» AIM OF THE EXERCISE: Retype, exactly and with both ends included, the lines below from the one containing "Nahtloses Muster seamless" through the end; omit the pictures.

(Recorded data)
*** Begin section ***
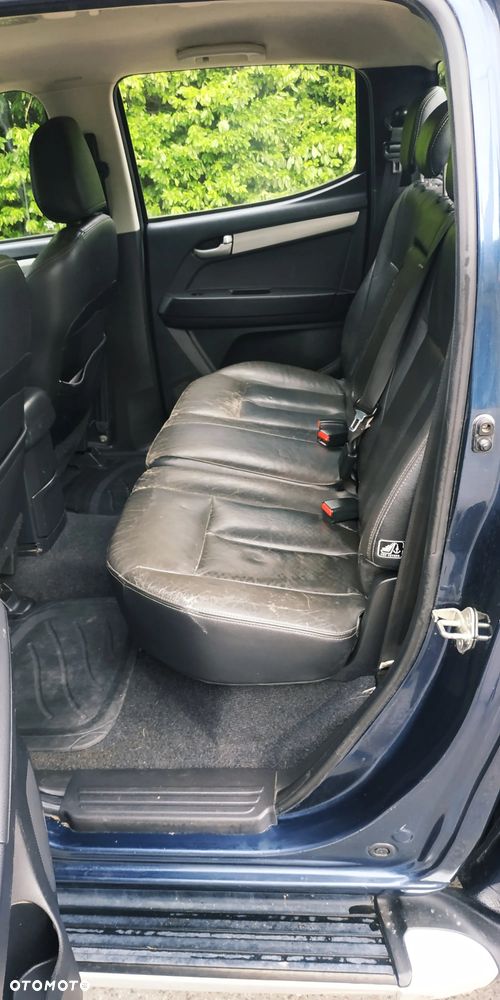 Isuzu D-Max 2.5 DC LSX Prime - 18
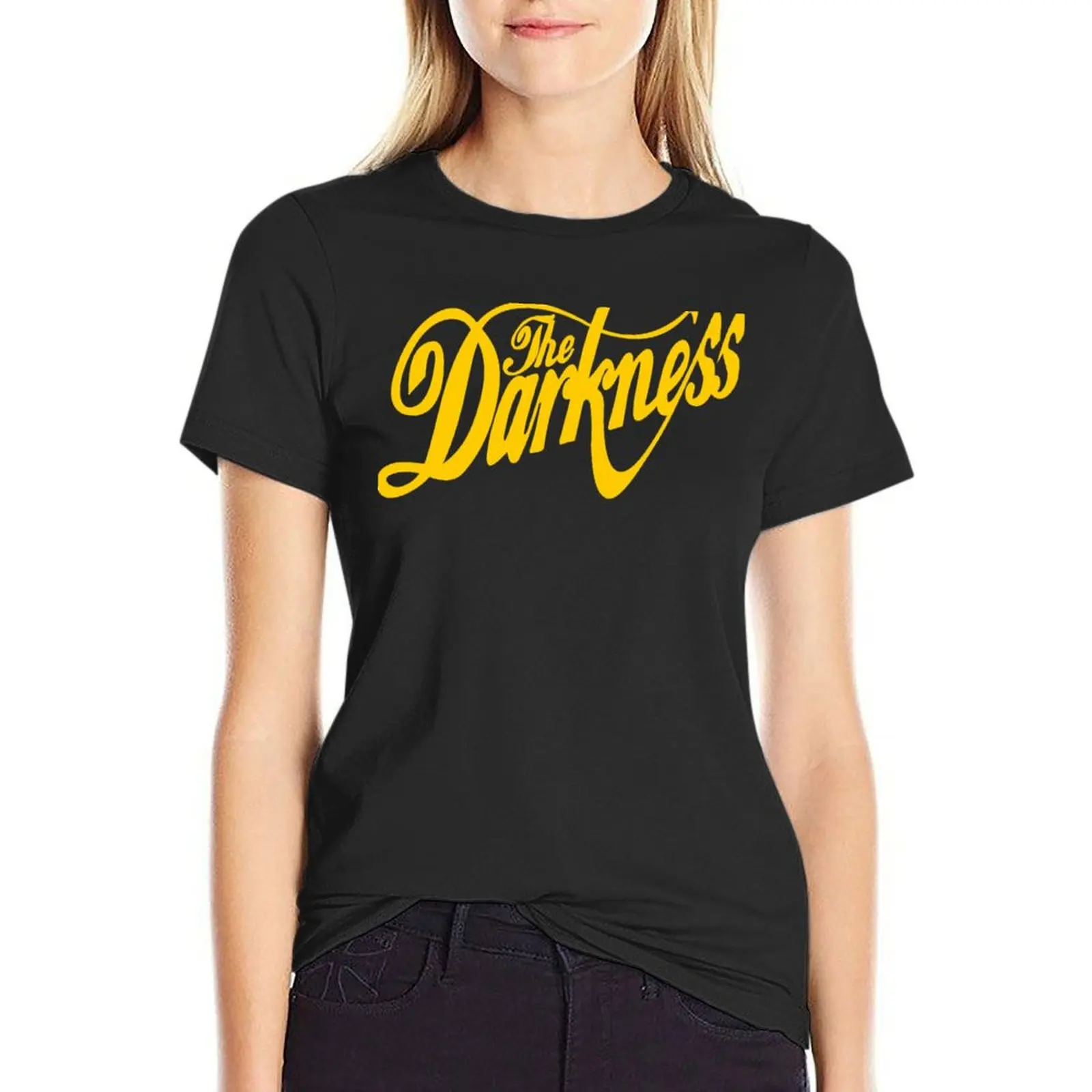 Best seller the darkness band merchandise art T-shirt anime clothes vintage clothes luxury designer clothing Women
Best seller the darkness band merchandise art T-shirt anime clothes vintage clothes luxury designer clothing Women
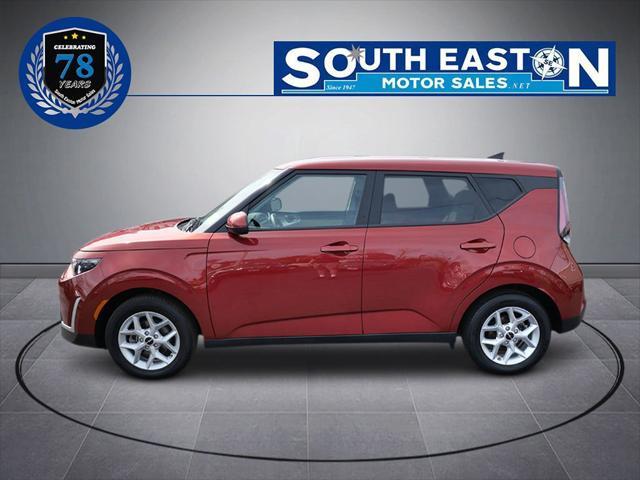 used 2023 Kia Soul car, priced at $17,995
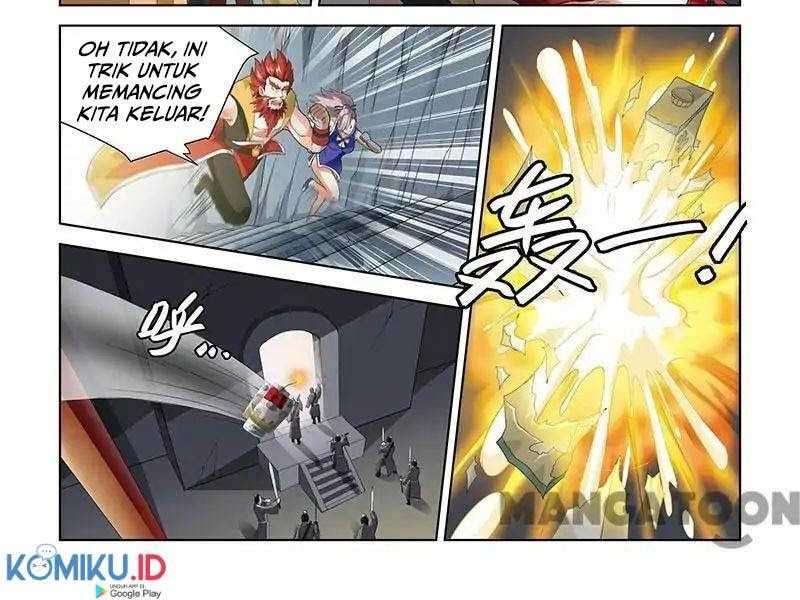 Demonic Housekeeper Chapter 37 - halaman 10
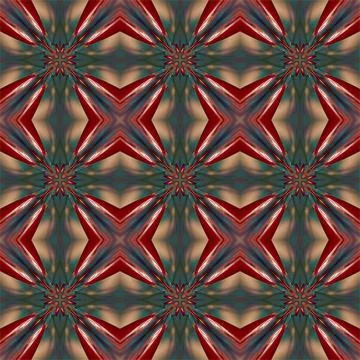 Nahtloses Muster seamless pattern Copyright: xZoonar.com/angetax 4138439  Foto stock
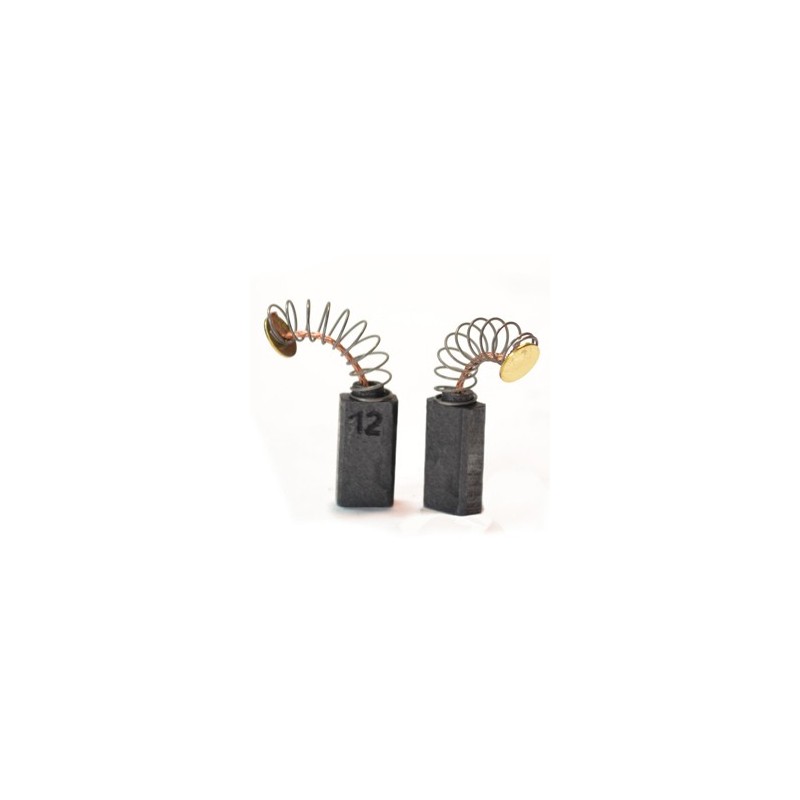 Charbons pour rabot BOSCH GHO40-82C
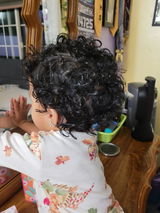 Tina review photo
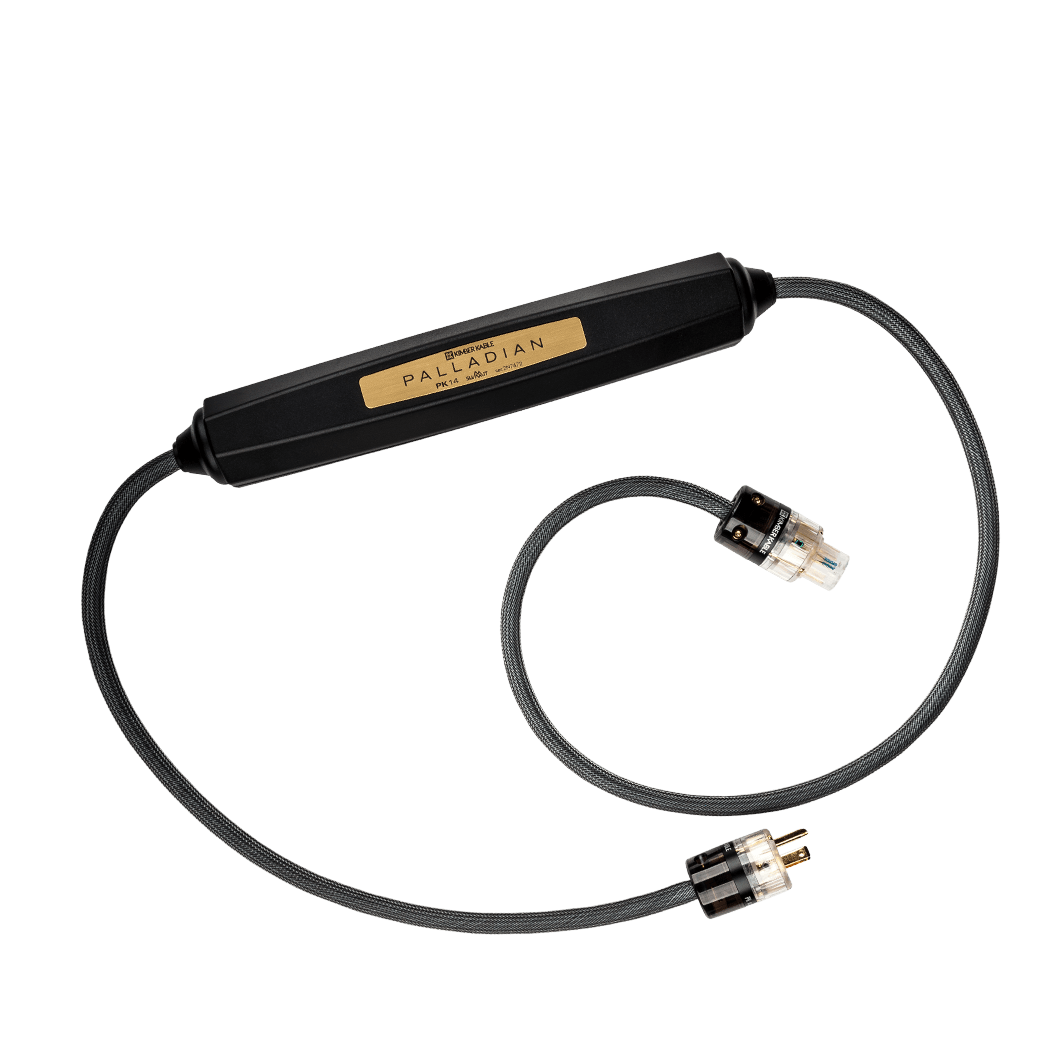 Kimber Kable PK14 Palladian 旗艦電源線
*** End section ***
» WRITTEN REPLY:
 Nahtloses Muster seamless pattern Copyright: xZoonar.com/angetax 4138439  Foto stock
 Charbons pour rabot BOSCH GHO40-82C
 Tina review photo
 Kimber Kable PK14 Palladian 旗艦電源線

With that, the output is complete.